Le plan de résistance passive de Samuel Sharpe visait à faire pression sur les planteurs en « tapant au porte-monnaie » afin d’obtenir des autorités esclavagistes un meilleur traitement pour les esclaves et plus de considération pour leur humanité. Sam avait expliqué son plan à ses disciples soigneusement sélectionnés après ses offices religieux, les faisant jurer sur la Bible de lui rester loyal. Le plan fut transmis secrètement aux autres paroisses et bientôt, les esclaves de Trelawny, Westmoreland, St. Elizabeth et Manchester furent prévenus et prêts à passer à l’action.
Malheureusement, les plans de Sharpe arrivèrent aux oreilles de certains des planteurs. Bien évidement, les tenants de la société plantocratique n’avaient que faire des revendications des esclaves. La confrontation était inévitable.
La grève pacifique de Sharpe se transforma alors en la plus grande rébellion d’esclaves des Antilles britanniques, mobilisant pas moins de 60 000 esclaves. Le 27 décembre 1831, la plantation de Kensington Estate fut incendiée. ce fut le signal du début de l’insurrection. Une série d’autres incendies se déclarèrent dans la région, une grande partie des récoltes furent brûlées. En une semaine, les rebelles contrôlaient la totalité de l’intérieur à l’Ouest de la Jamaïque.
La rébellion armée et les pillages des plantations furent cependant rapidement matés.
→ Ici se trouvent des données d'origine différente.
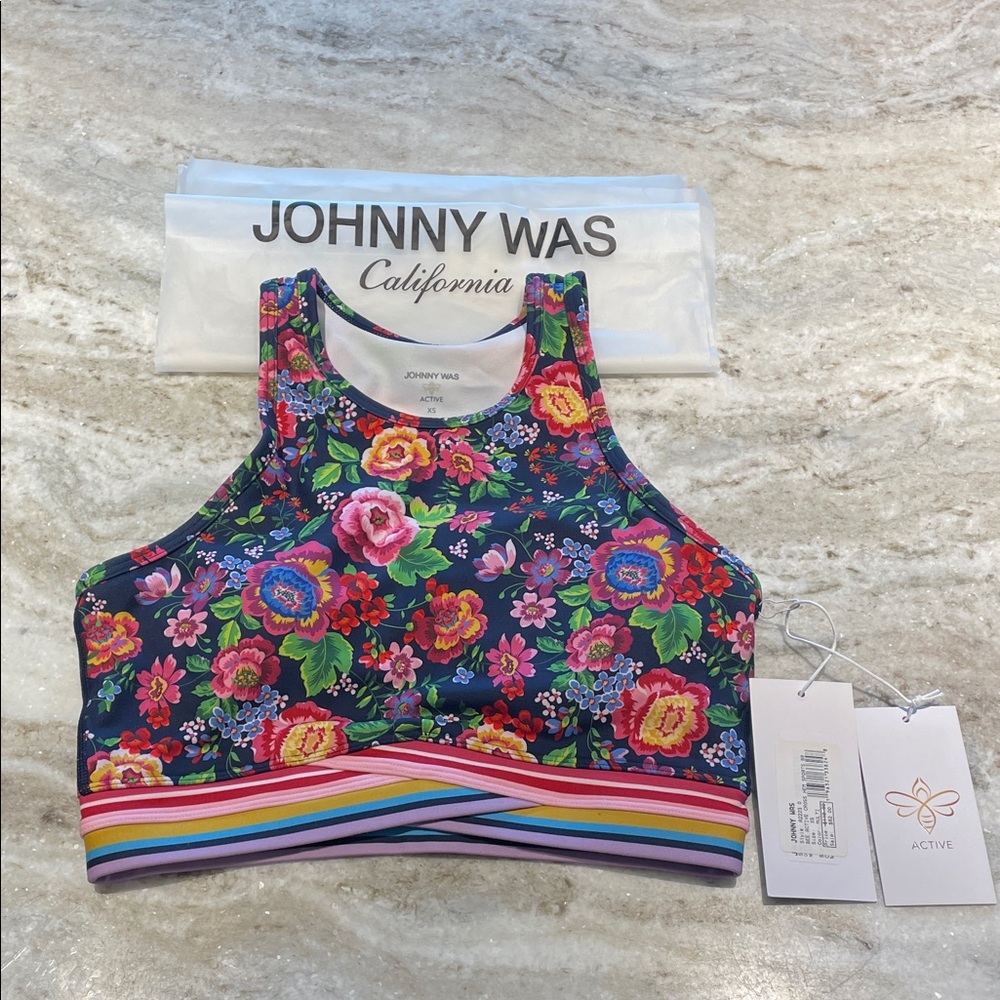 Johnny Was XS bee Active Hem Sports Bra Floral Crop Top Multi Color A2223 0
Dès la première semaine de Janvier le calme était revenu sur les plantations. 14 blancs avaient été assassiner par des insurgés armés, mais plus de 200 esclaves le furent par les milices armées au service des planteurs. Le gouvernement esclavagiste britannique jugea, condamna et pendit de nombreux leaders rebelles, dont Samuel Sharpe, en 1832. Entre 310 et 340 esclaves furent condamnés à mort, même si la plupart des esclaves n’avaient commis que des infractions mineures.
Juste avant son exécution le 23 Mai 1832, Sharpe prononça ses derniers mots reflétant sa détermination à briser ses chaînes ainsi que l’absence de regrets:
«Je préfère mourir sur la potence, plutôt que vivre dans l’esclavage.»
La Rébellion de Noël marqua fortement les esprits. Suite à cela, deux enquêtes parlementaires détaillées furent diligentées par la couronne britannique. Le gouvernement colonial jamaicain était déja depuis de nombreuses années en conflit avec les différentes bandes de Nèg Mawon de l’île et ne réussirent jamais à complètement éteindre la menace que représentaient ces africains auto-libérés de la servitude pour le « business » des plantations. L’insurrection menée par Sam Sharpe fut sans doute la rébellion de trop et contribua fortement à l’adoption par le Parlement de la Loi de 1833 sur l’abolition de l’esclavage et à l’abolition définitive de l’esclavage dans tout l’Empire britannique en 1838. La résistance africaine avait rendu l’esclavage trop coûteux et donc peu rentable.
Depuis le 31 mars 1982, le gouvernement jamaïcain honore Samuel Sharpe en tant que héros national aux côtés des légendaires Reine Nanny et Marcus Garvey.
Alors que Noël est devenu une fête mettant à l’honneur le consumérisme, rappelons-nous de Sam Sharpe qui se leva contre l’oppression. Puisse ses idéaux de liberté et sa détermination être pour nous une source d’inspiration.